PYTHON PDF TOOLS

How to Convert PDF to Image in Python

Chaknith Bin

June 30, 2023

PDF (Portable Document Format) is the most popular file format for transferring data over the internet, as it preserves content formatting and helps secure the data with security permissions. There are scenarios where we need to convert PDF files to JPG images or any other image format such as PNG, BMP, TIFF, or GIF. There are plenty of online resources available for JPG conversion, but how cool would it be to create our own PDF to Image conversion tool in Python?

What is Python?

Python is a high-level programming language that is used to build software applications, websites, automate tasks, conduct data analysis, and perform Artificial Intelligence and Machine Learning tasks.

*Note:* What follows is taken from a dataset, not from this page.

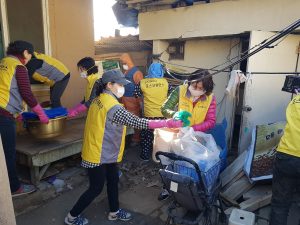 포항 오천읍 맞춤형복지팀, 포스코휴먼스와 함께 노인부부 집안 대청소 실시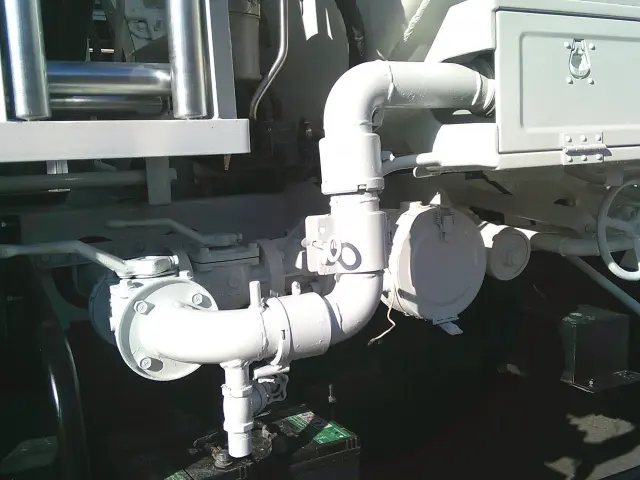 いすゞ エルフ TPG-NKS85AN(4WD)の写真20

It is also a scripting language as it is interpreted, which makes it more powerful in terms of rapid development and testing.

To create a PDF to image converter, we need to have Python 3+ installed on the computer. Download and install the latest version from the official website.

In this article, we will create our own image conversion application using Python PDF to image libraries. For this purpose, we will be using two of Python's most popular libraries: PDF2Image and PyMuPDF.

How to Convert PDF Files to Image Files in Python

Install the Python library to convert PDF to image.
Load an existing PDF file from any location.
Utilize conversion methods.
Iterate through the pages of the file.
Save each page as a JPG or PNG image using the save method.

Create a New Python File

Open the Python IDLE application and press the keys Ctrl + N. The text editor will open. You can use your preferred choice of text editor for this.
Save the file as pdf2image.py, in the same location as the PDF file that you'd like to convert to images.

The input PDF file which we are going to use contains 28 pages and is as follows:

How to Convert PDF to Image in Python: Figure 1

Convert PDF Files to Image Files using PDF2Image Library

1. Install PDF2Image Python Library

PDF2Image is a module that wraps pdftocairo and pdftoppm. It works on Python 3.7+ to convert PDF to a PIL image object. Its previous release history shows that it only wraps pdftoppm to convert PDF to images and worked only on Python 3+.

To install the pdf2image package, open your Windows command prompt or Windows PowerShell and use the following pip command:

pip install pdf2image

Pip (Preferred Installer Program) is the package manager for Python. It downloads and installs third-party software packages that offer features and functionality not found in the Python standard library.

Note: To execute this command from anywhere on the command line, Python must be added to the PATH. For Python 3+, it is recommended to use pip3 as it is the updated version of pip.

2. Install Poppler

Poppler is a free and open-source library for working with PDF files. It is used to render PDF files, read content, and modify the content within PDF files. It is commonly used by Linux users. However, for Windows, we will need to download the latest version of Poppler.

For Windows

Windows users can download the latest up-to-date version of Poppler here: @oschwartz10612 version. You will then have to add the bin/folder to the PATH Environment variable.

For Mac

Mac users will also have to install Poppler. It can be installed using Brew:

brew install poppler

For Linux

Most Linux distributions come with the pdftoppm and pdftocairo command-line utilities. If these utilities are not installed, you can use the package manager to install poppler-utils.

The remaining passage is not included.